Any advice or fixes would be greatly appreciated.
Thank you.

Interesting - it seems this only happens when using the to_textmethod. to_markdown and to_json appear to work without crashing.

Are you able to use one of the other methods to get the text you need? Note, like you, I see page index 6 mistakenly coming back as a table format - I’m not sure how to resolve that without perhaps training the Layout module more.

@HaraldLieder Any ideas why to_textcauses the index out of bounds problem on page index 7 but the other methods don’t?

Well, must be an error in that function. In many cases, plain text and MD text handling differ too much from each other to be handleable by the same output functions. So it could be that situations behave somewhat differently …

I’ve had a more detailed look at that file in the meantime:

  • Page 7 (6 zero-based) is completely messed up by the layout plugin PyMuPDF-Layout.
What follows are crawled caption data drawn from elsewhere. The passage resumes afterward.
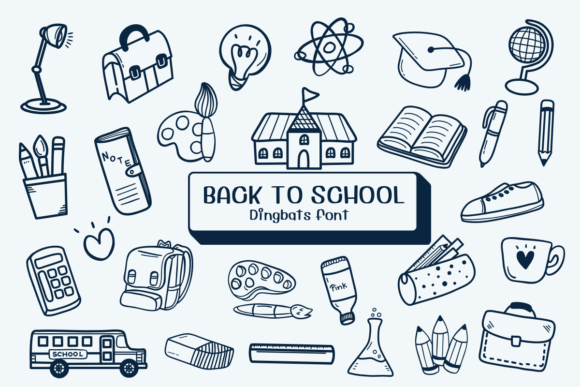 Back to School Font - Featured Image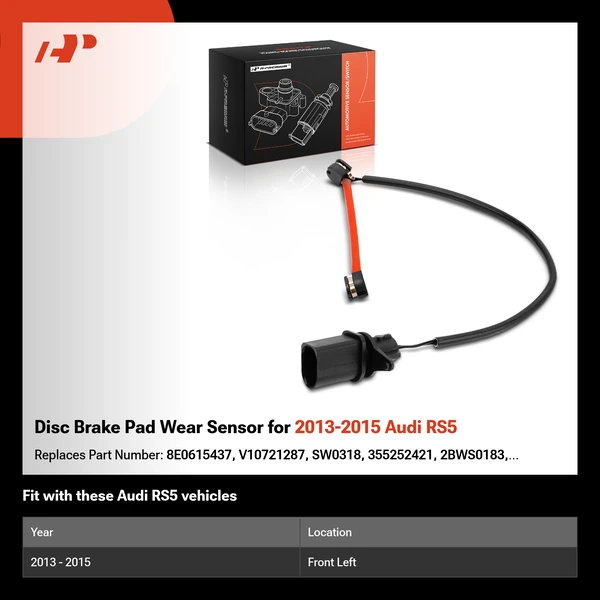 Disc Brake Pad Wear Sensor for 2013-2015 Audi RS5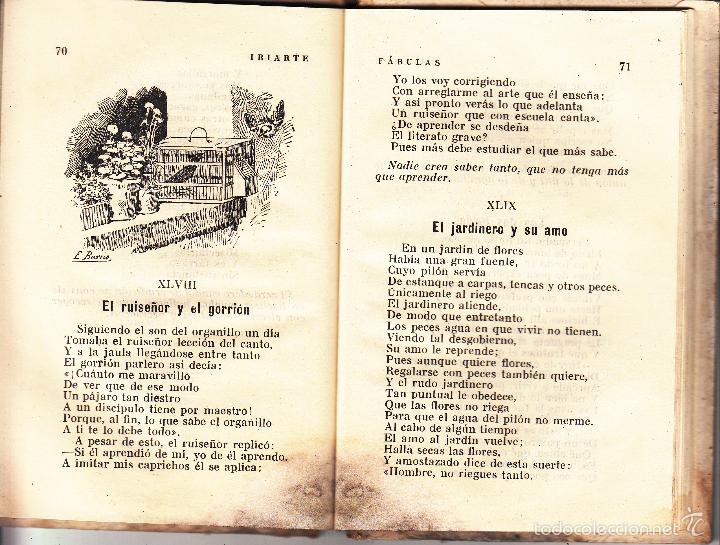 Libros de segunda mano: FABULAS EN VERSO - TOMAS DE IRIARTE - Foto 3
There is currently no way of healing this. The other pages don’t seem to exhibit major problems.
  • The index error is a trivial bug in pymupdf4llm itself: In some cases, layout bboxes like “list-item” unexpectedly contain no text at all (and such cases are irregular of course). We simply need to check this condition and return an empty text string. That check wasn’t there in the reported case (but was present for MD output).
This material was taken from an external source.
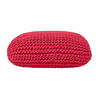 STRICK-POUF rot, Bodenkissen 70/70/20 cm - Rot, Textil (70/20/70cm) - Homescapes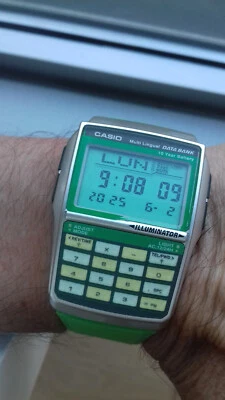 Casio DBC-32C-3BEF DATA BANK MODULE 2888 VINTAGE COLLECTION NOS WATCH UHR FOND.3 - Immagine 1 di 4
I will include the page with the severe problem (page 7) in the issue list of PyMuPDF-Layout.

1 Like

Thank you, Jamie_Lemon and HaraldLieder, for the prompt replies and the explanation!

I have tested to_markdown as suggested, and I can confirm it successfully processes page 7 without crashing. I will switch to to_markdown for now for my current workflow to avoid the IndexError .

Regarding the layout issue on page 6 (where the column is mistaken for a table), I understand that layout conventions common in East Asia might differ significantly from the typical training data, making them tricky for layout analysis models.

Harald mentioned adding page 7 to the issue list. I was wondering if page index 6 might also be a useful test case or training data regarding these specific layout conventions? If so, please feel free to add it to the list for future reference as well.

Thanks again for the quick reply!

Just to confirm - @HaraldLieder has added page index 6 (page 7) to the issue list. @yisiang.fu When you say “Regarding the layout issue on page 6 (where the column is mistaken for a table)” I think you mean “Regarding the layout issue on page index 6 (where the column is mistaken for a table)”

I wish the page references in the API weren’t zero-indexed sometimes!